▸ **SUPPLIED MATERIAL**:
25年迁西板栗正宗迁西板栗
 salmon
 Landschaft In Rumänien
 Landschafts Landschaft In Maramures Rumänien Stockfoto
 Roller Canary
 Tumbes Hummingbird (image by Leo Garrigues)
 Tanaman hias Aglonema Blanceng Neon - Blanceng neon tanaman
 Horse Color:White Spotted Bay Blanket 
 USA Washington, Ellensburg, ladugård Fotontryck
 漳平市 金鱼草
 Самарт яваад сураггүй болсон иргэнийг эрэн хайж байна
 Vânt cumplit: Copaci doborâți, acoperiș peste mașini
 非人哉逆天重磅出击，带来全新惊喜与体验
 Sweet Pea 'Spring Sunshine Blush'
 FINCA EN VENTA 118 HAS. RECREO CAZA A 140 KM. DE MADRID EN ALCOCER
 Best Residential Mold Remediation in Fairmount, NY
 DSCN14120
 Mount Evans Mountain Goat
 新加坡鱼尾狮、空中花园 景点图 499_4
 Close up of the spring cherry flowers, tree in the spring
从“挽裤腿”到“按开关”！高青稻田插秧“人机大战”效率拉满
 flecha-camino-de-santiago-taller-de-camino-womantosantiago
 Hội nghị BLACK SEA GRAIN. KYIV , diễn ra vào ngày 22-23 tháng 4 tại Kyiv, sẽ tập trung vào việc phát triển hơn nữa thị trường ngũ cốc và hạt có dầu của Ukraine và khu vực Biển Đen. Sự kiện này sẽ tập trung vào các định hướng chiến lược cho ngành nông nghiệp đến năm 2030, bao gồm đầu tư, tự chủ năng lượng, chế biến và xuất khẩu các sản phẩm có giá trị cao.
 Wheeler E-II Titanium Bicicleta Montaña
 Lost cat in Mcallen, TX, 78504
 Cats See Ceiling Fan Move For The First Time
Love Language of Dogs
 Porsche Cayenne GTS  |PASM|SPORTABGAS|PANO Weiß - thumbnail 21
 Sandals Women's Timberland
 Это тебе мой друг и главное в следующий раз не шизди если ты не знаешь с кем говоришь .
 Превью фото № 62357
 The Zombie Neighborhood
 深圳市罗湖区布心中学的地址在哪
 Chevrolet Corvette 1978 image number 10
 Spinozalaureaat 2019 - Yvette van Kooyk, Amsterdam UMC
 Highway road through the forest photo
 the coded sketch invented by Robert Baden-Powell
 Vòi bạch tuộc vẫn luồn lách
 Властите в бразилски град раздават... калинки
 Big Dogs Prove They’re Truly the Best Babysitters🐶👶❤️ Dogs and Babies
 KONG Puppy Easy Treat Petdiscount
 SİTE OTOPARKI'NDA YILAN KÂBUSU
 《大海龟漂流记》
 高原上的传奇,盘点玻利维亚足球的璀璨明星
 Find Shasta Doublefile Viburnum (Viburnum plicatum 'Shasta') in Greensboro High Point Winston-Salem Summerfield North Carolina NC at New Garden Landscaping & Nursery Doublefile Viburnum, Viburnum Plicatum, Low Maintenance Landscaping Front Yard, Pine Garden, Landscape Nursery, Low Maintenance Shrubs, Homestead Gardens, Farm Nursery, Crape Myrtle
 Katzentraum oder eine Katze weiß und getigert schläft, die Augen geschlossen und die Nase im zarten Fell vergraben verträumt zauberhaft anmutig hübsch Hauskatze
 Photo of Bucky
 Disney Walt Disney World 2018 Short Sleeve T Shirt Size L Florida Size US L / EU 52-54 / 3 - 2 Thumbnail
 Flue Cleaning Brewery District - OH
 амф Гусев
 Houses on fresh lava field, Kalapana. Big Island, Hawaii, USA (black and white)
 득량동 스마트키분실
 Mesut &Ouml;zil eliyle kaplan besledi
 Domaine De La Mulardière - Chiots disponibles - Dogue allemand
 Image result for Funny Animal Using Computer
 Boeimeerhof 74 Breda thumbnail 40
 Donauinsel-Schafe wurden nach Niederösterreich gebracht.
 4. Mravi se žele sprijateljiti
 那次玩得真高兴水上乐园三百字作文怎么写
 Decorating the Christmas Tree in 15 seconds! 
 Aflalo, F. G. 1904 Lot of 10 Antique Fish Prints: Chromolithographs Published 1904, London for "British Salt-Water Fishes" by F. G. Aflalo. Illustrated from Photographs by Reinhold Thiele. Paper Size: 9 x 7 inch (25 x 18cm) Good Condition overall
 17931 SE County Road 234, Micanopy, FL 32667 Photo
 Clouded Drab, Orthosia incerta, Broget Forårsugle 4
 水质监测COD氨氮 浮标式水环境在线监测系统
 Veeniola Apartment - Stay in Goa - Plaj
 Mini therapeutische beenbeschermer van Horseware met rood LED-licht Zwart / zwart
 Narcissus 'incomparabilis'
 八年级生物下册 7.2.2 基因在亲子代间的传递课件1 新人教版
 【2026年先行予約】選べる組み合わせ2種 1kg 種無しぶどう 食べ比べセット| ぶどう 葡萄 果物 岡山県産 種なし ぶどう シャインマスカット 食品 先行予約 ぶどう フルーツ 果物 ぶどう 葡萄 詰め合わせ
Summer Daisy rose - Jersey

▸ **AIM OF THE EXERCISE**:
Transcribe the full set of records without altering a single character.

▸ **THE ANSWER**:
25年迁西板栗正宗迁西板栗
 salmon
 Landschaft In Rumänien
 Landschafts Landschaft In Maramures Rumänien Stockfoto
 Roller Canary
 Tumbes Hummingbird (image by Leo Garrigues)
 Tanaman hias Aglonema Blanceng Neon - Blanceng neon tanaman
 Horse Color:White Spotted Bay Blanket 
 USA Washington, Ellensburg, ladugård Fotontryck
 漳平市 金鱼草
 Самарт яваад сураггүй болсон иргэнийг эрэн хайж байна
 Vânt cumplit: Copaci doborâți, acoperiș peste mașini
 非人哉逆天重磅出击，带来全新惊喜与体验
 Sweet Pea 'Spring Sunshine Blush'
 FINCA EN VENTA 118 HAS. RECREO CAZA A 140 KM. DE MADRID EN ALCOCER
 Best Residential Mold Remediation in Fairmount, NY
 DSCN14120
 Mount Evans Mountain Goat
 新加坡鱼尾狮、空中花园 景点图 499_4
 Close up of the spring cherry flowers, tree in the spring
从“挽裤腿”到“按开关”！高青稻田插秧“人机大战”效率拉满
 flecha-camino-de-santiago-taller-de-camino-womantosantiago
 Hội nghị BLACK SEA GRAIN. KYIV , diễn ra vào ngày 22-23 tháng 4 tại Kyiv, sẽ tập trung vào việc phát triển hơn nữa thị trường ngũ cốc và hạt có dầu của Ukraine và khu vực Biển Đen. Sự kiện này sẽ tập trung vào các định hướng chiến lược cho ngành nông nghiệp đến năm 2030, bao gồm đầu tư, tự chủ năng lượng, chế biến và xuất khẩu các sản phẩm có giá trị cao.
 Wheeler E-II Titanium Bicicleta Montaña
 Lost cat in Mcallen, TX, 78504
 Cats See Ceiling Fan Move For The First Time
Love Language of Dogs
 Porsche Cayenne GTS  |PASM|SPORTABGAS|PANO Weiß - thumbnail 21
 Sandals Women's Timberland
 Это тебе мой друг и главное в следующий раз не шизди если ты не знаешь с кем говоришь .
 Превью фото № 62357
 The Zombie Neighborhood
 深圳市罗湖区布心中学的地址在哪
 Chevrolet Corvette 1978 image number 10
 Spinozalaureaat 2019 - Yvette van Kooyk, Amsterdam UMC
 Highway road through the forest photo
 the coded sketch invented by Robert Baden-Powell
 Vòi bạch tuộc vẫn luồn lách
 Властите в бразилски град раздават... калинки
 Big Dogs Prove They’re Truly the Best Babysitters🐶👶❤️ Dogs and Babies
 KONG Puppy Easy Treat Petdiscount
 SİTE OTOPARKI'NDA YILAN KÂBUSU
 《大海龟漂流记》
 高原上的传奇,盘点玻利维亚足球的璀璨明星
 Find Shasta Doublefile Viburnum (Viburnum plicatum 'Shasta') in Greensboro High Point Winston-Salem Summerfield North Carolina NC at New Garden Landscaping & Nursery Doublefile Viburnum, Viburnum Plicatum, Low Maintenance Landscaping Front Yard, Pine Garden, Landscape Nursery, Low Maintenance Shrubs, Homestead Gardens, Farm Nursery, Crape Myrtle
 Katzentraum oder eine Katze weiß und getigert schläft, die Augen geschlossen und die Nase im zarten Fell vergraben verträumt zauberhaft anmutig hübsch Hauskatze
 Photo of Bucky
 Disney Walt Disney World 2018 Short Sleeve T Shirt Size L Florida Size US L / EU 52-54 / 3 - 2 Thumbnail
 Flue Cleaning Brewery District - OH
 амф Гусев
 Houses on fresh lava field, Kalapana. Big Island, Hawaii, USA (black and white)
 득량동 스마트키분실
 Mesut &Ouml;zil eliyle kaplan besledi
 Domaine De La Mulardière - Chiots disponibles - Dogue allemand
 Image result for Funny Animal Using Computer
 Boeimeerhof 74 Breda thumbnail 40
 Donauinsel-Schafe wurden nach Niederösterreich gebracht.
 4. Mravi se žele sprijateljiti
 那次玩得真高兴水上乐园三百字作文怎么写
 Decorating the Christmas Tree in 15 seconds! 
 Aflalo, F. G. 1904 Lot of 10 Antique Fish Prints: Chromolithographs Published 1904, London for "British Salt-Water Fishes" by F. G. Aflalo. Illustrated from Photographs by Reinhold Thiele. Paper Size: 9 x 7 inch (25 x 18cm) Good Condition overall
 17931 SE County Road 234, Micanopy, FL 32667 Photo
 Clouded Drab, Orthosia incerta, Broget Forårsugle 4
 水质监测COD氨氮 浮标式水环境在线监测系统
 Veeniola Apartment - Stay in Goa - Plaj
 Mini therapeutische beenbeschermer van Horseware met rood LED-licht Zwart / zwart
 Narcissus 'incomparabilis'
 八年级生物下册 7.2.2 基因在亲子代间的传递课件1 新人教版
 【2026年先行予約】選べる組み合わせ2種 1kg 種無しぶどう 食べ比べセット| ぶどう 葡萄 果物 岡山県産 種なし ぶどう シャインマスカット 食品 先行予約 ぶどう フルーツ 果物 ぶどう 葡萄 詰め合わせ
Summer Daisy rose - Jersey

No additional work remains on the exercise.